Pretty much, though I think you could do it with gdb_test_multiple;
see how lib/mi-support.exp does it. MI tests are anchored by default.
There may be more trouble doing it for the CLI, though, because
readline puts extra stuff in the output sometimes.
> 2. I was getting tired of writing expected output regexps that
> were completely unreadable mostly because the output was matching
> more than one line that ended up concatenated inside the same
> string. So I wrote the following little helper function:
>
> proc multi_line { args } {
> return [join $args "\[\r\n\]*"]
> }
>
> This function allows me to do something like this:
>
> gdb_test "print variable" \
> [multi_line "first_line" \
> "second_line" \
> "last_line" ] \
> "print big variable"
>
> I think that this is far easier to read than:
>
> gdb_test "print variable" \
> "first_line${eol}second_line${eol}last_line"
> "print big variable"
Also see gdb_expect_list, which is similar. I think that the way
you've written it lends to things being too far indented, which will
be hard to read...
> Index: ada-lang.c
> ===================================================================
> --- ada-lang.c (revision 12)
> +++ ada-lang.c (revision 13)
> @@ -68,6 +68,17 @@
> #define TRUNCATION_TOWARDS_ZERO ((-5 / 2) == -2)
> #endif
>
> +/* A structure that contains a vector of strings.
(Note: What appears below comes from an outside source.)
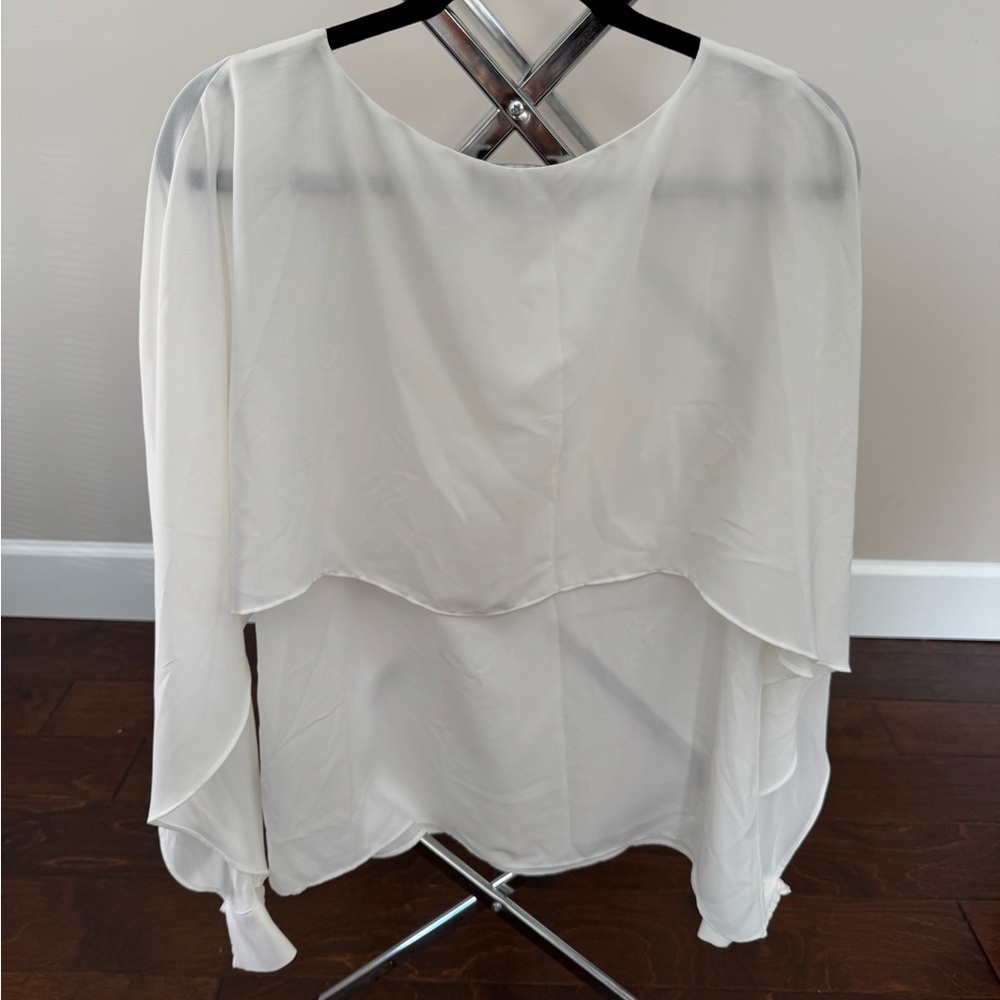 DKNY Off White Layered Blouse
> + The main purpose of this type is to group the vector and its
> + associated parameters in one structure. This makes it easier
> + to handle and pass around. */
> +
> +struct string_vector
> +{
> + char **array; /* The vector itself. */
> + int index; /* Index of the next available element in the array. */
> + size_t size; /* The number of entries allocated in the array. */
> +};
We have a generic VEC nowadays.
You left the "should be language specific" FIXME :-)
And a general comment, I'm not thrilled at the amount of generic
symbol table code had to be duplicated in the Ada-specific files. But
that's the status quo for ada-lang.c, anyway.
I have no objections, despite the above whining.